We also found another strange coincidence, a building named Wyoming, in Sydney?! Most people here will say, "I don't know where Wyoming is. Is that a city?" Look carefully at TJ. He doesn't mean that, just being a TJ.

Shell Beach was our next stop, in a very wealthy area of Sydney; we walked down a stone easement, well-used and delightfully peppered with the peach-golden sand. Huge, beautiful mansions look over a quiet, golden and blue beach. Young and golden people sat on the sand with food-call numbers from the Yacht Club; they held wine glasses lightly, easily, their WASPish look strangely juxtaposed with the look of tribal dancers given by the whiteness of sunscreen smeared all over their faces. We swam for a bit and then tried to get home, but I got lost, because the gps is working in km and meters, and I get very mixed up when I'm told to do something in 50 meters. I was cussing in an Australian accent at Luckis. The spatial sense takes awhile, and so many things are simply backwards from what I'm used to; I still feel like my eyes are crossed sometimes.

Tomorrow back to Dimmey's for more cheap home goods, I guess. It is fun--and a little firghtening--to have a store clerk ask, "Do you need another trolley?" Thaddeus has his first meeting as Dean tomorrow.

I'm going to go to bed early. It has been one of the most full weeks in my entire 45 years--being the parent on an international move is one hefty job. Before, it was always my parents doing the nitty gritties; I wonder now how they did it all and in different languages. I wonder how they got through the first week in Afghanistan, with no running water, no telephones, no car, and no money. And my mother was pregnant with my older sister. It makes me see them in a different light, makes me proud of them...like Macquarie, what made them do it? Perhaps some people really do live by service and they think the hardship worth it. Most of the time, I'm too cynical to really believe in that, but my parents have always seemed more good, more innocent, more honorable than anyone else. I know enough now of life, of family, to know what a blessing that has been: to honor your parents, parents who, although nowhere near perfect, have made it easy for you to honor them.

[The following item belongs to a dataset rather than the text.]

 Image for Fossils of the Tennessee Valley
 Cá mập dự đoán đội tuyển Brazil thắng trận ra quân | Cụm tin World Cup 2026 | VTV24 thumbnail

As I morph back into the present from 1966 Kabul, from that image of my twenty-four year old pregnant mother in a burquah at the Kabul airport, I think, "What am I doing here?" A vacation for three years? Just the adventure? No. That would not be enough. The service for a Christian institution is one thing that can keep you going; the hope of seeing Christ in the eyes of a young person is the only thing deep enough for the uprooting to be worth it. I hope we can be means for that to happen here, and I hope we don't screw it up.